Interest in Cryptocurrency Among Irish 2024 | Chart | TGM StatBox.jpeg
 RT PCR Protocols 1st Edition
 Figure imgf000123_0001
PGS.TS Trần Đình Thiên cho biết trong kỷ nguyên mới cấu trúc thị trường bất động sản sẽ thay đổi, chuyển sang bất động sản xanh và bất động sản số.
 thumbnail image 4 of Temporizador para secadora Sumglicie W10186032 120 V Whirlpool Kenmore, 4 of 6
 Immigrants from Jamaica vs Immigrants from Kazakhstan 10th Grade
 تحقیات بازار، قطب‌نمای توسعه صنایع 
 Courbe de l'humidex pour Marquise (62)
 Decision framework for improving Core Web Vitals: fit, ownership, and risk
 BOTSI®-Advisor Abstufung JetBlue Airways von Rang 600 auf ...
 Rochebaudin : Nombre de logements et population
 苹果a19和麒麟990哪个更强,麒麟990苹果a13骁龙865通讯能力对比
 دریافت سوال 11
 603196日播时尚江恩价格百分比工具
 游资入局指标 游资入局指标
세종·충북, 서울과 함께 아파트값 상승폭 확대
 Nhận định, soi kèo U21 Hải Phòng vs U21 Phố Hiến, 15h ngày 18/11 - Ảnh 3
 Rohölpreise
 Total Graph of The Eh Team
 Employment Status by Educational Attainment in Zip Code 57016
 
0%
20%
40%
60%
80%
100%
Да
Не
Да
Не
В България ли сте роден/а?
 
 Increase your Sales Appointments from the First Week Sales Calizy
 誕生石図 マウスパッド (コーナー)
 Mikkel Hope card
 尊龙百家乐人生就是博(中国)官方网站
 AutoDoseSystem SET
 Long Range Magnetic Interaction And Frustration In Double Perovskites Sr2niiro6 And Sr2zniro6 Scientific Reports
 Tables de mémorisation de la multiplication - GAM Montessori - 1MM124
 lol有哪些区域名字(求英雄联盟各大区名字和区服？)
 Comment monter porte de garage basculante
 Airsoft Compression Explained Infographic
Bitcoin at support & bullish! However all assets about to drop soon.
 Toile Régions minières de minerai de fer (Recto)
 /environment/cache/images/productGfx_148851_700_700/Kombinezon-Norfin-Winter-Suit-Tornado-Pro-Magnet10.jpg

◆ Instructions for the task ◆
Above this instruction are the records; retype exactly the lines from the one containing "BOTSI®-Advisor Abstufung JetBlue" up to and including the one containing "Rohölpreise".

◆ Answer space ◆
 BOTSI®-Advisor Abstufung JetBlue Airways von Rang 600 auf ...
 Rochebaudin : Nombre de logements et population
 苹果a19和麒麟990哪个更强,麒麟990苹果a13骁龙865通讯能力对比
 دریافت سوال 11
 603196日播时尚江恩价格百分比工具
 游资入局指标 游资入局指标
세종·충북, 서울과 함께 아파트값 상승폭 확대
 Nhận định, soi kèo U21 Hải Phòng vs U21 Phố Hiến, 15h ngày 18/11 - Ảnh 3
 Rohölpreise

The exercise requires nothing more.